Mark Bankston, a lawyer for the parents of one of the children killed in the 2012 Sandy Hook Elementary School massacre and who are now suing Jones, said during the proceedings that “12 days ago, his [Jones’] attorneys messed up and sent me a digital copy of every text” and email from Jones' phone.

After Bankston told Jones that the Sandy Hook parents’ legal team had access to years of his texts and emails, he asked Jones, “Do you know what perjury is?”

Bankston did not respond to a request for comment. An inquiry to Infowars was not immediately returned. NBC News has not independently acquired or verified the authenticity of the messages discussed by Bankston during Wednesday’s proceedings.

Parents of Sandy Hook victims are suing Jones for $150 million in damages after Jones claimed the shooting was “synthetic,” a “false flag,” and that the families of those who were killed were “crisis actors.”

Jones has since apologized, claiming that he has not personally published nor signed off on Sandy Hook conspiracy theories for years. New texts revealed by Bankston on Wednesday appeared to show Jones signing off on more Sandy Hook conspiracy theories five years after the tragedy.

The phone documents also appeared to reveal Infowars’ long-hidden finances.
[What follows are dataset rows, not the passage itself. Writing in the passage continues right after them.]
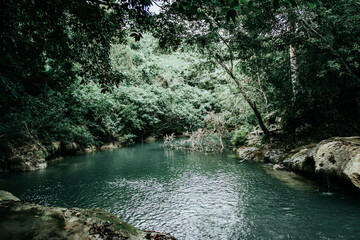 Green water river in the forest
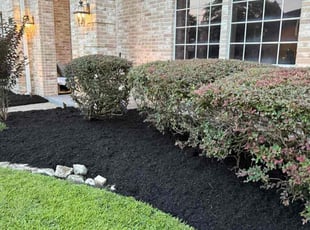 Mulching by Edwin Fernandez for Mike B. in Houston, TX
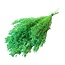 Gedroogde Broom Bloom | Kleur: Lichtgroen | Brem Droogbloemen | Lengte ± 55 centimeter | Gewicht 125 gram | Per bos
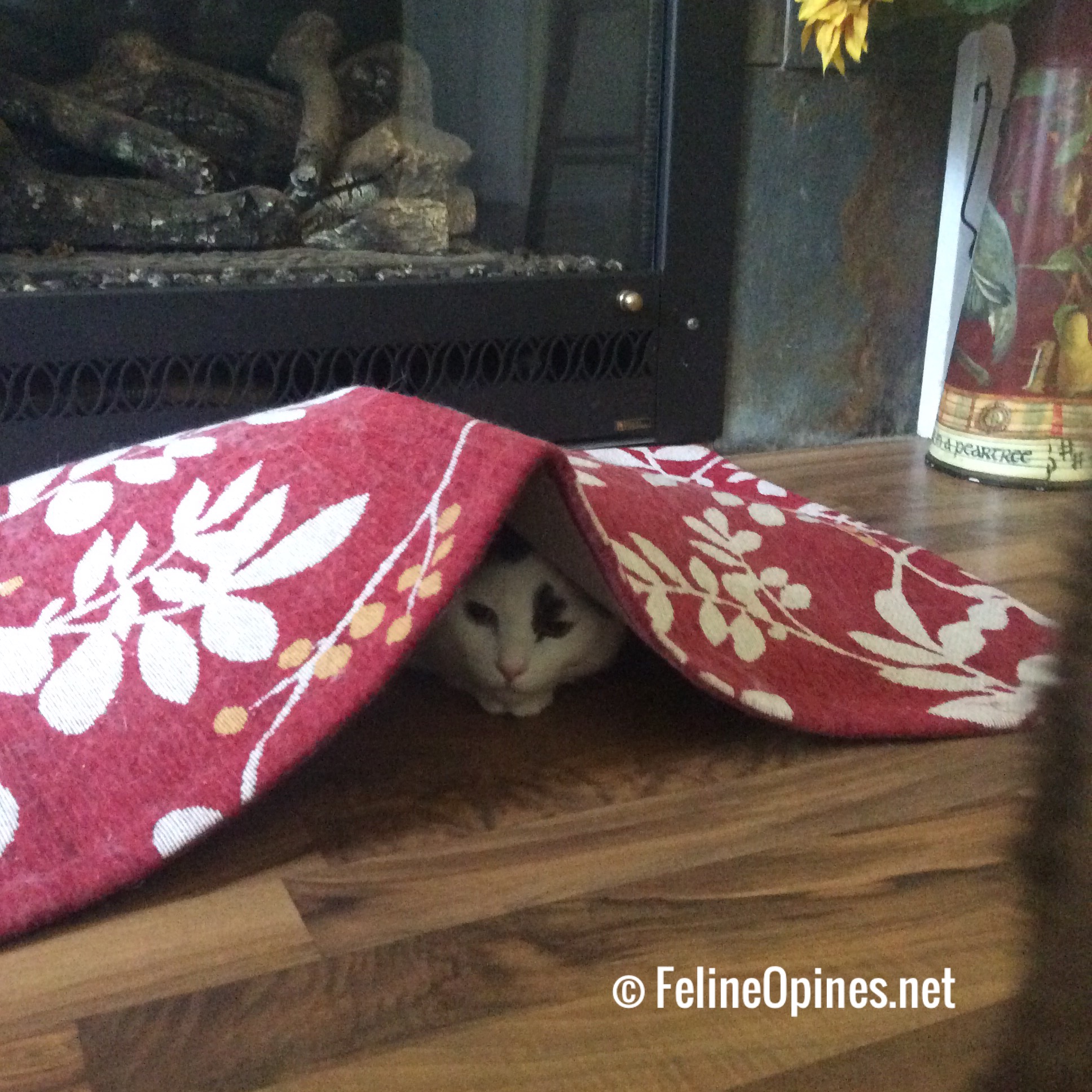 black and white cxat hiding under red and white rug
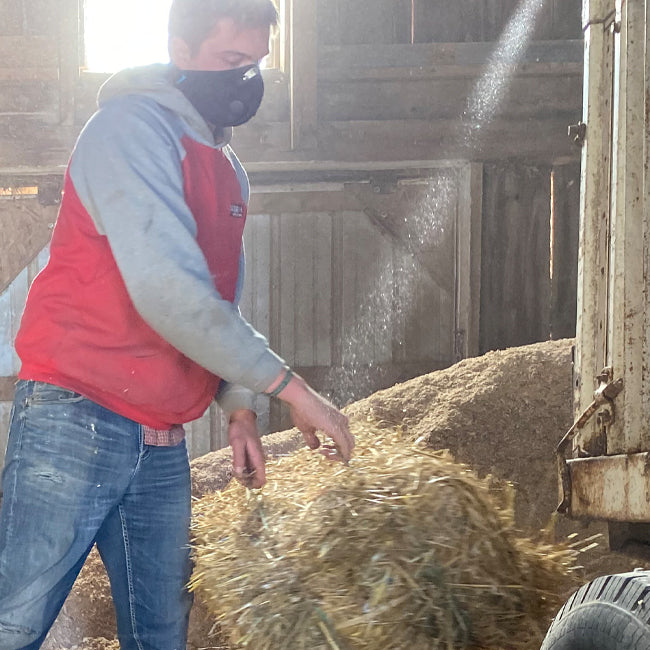 farmer wearing an rz mask m2 black to protect against dust while unloading hay from a truck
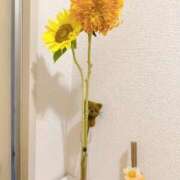 ヒメ日記 2025/09/08 13:24 投稿 神明みさき 大人めシンデレラ 新横浜店（シンデレラグループ）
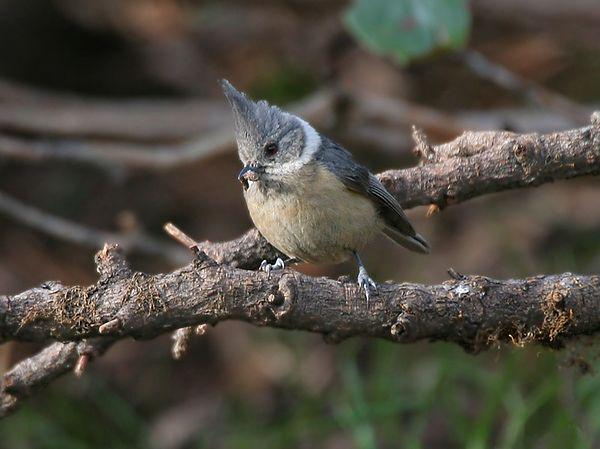 �ֹ�ɽȸ��ͼƬ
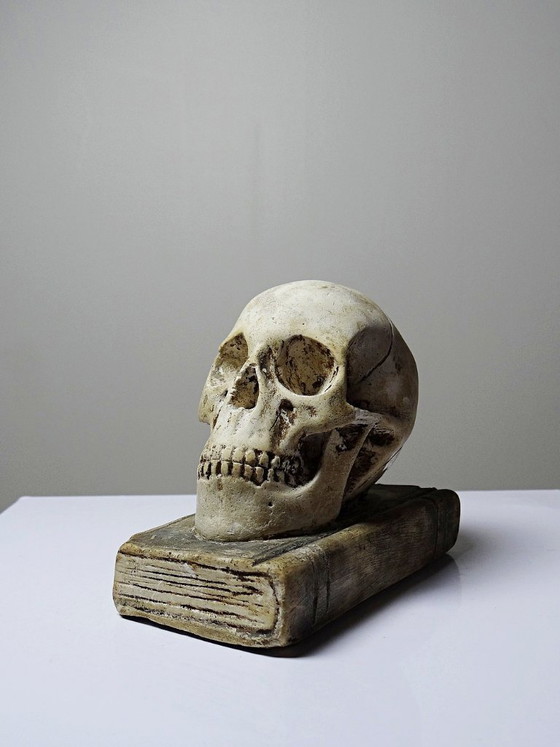 Image 1 of Ancien Memento Mori en plâtre, crâne sur livre, curiosité fin XIXe début XXe
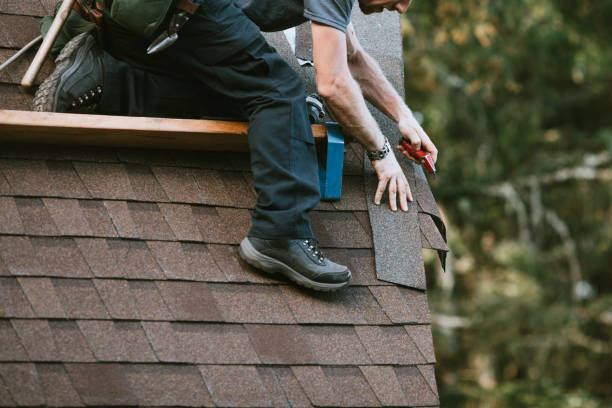 Best New Roof Installation  in San Antonio, FL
Bankston outlined several days in 2018 in which Infowars made over $800,000 per day. Jones did not dispute the veracity of the emails or the dollar figures, but claimed some of their higher-profit days came during the week of CPAC, the conservative conference.

Earlier in the trial, Jones said the highest figure his company made was $200,000 per day.

Minutes later, taking questions from the jury, Jones claimed a $2 million judgment in the case “will sink us.” Free Speech Systems, the parent company of Infowars, filed for bankruptcy in late July.

Jones also had previously claimed that being “deplatformed,” or permanently suspended from services like Twitter and Facebook, had negatively affected the company’s bottom line, likening the situation to “jail.” Bankston said the newly revealed financial documents show that the opposite is true — the company made more money than ever after it was banned from platforms like Facebook and YouTube in 2018.

“Well after your deplatforming, your numbers keep getting better,”  Bankston said.

Infowars is a private company and is not required to disclose financial records. The company largely makes money by selling emergency survival food and goods, and rebranded supplements like Infowars’ Brain Force Plus. Jones said during the trial that some of the supplements are sold at a 100% markup, and at one point he bragged about the quality of his supplements.

Neither Jones nor his lawyers appeared to be aware that Sandy Hook parents’ lawyers had access to Jones’ emails and texts. Bankston said he had let Jones’ lawyers know about the mishap 12 days ago.

On an open microphone in a recess, Bankston asked his fellow lawyers: “You know what nobody’s thought about yet? What happens when that phone goes to law enforcement?”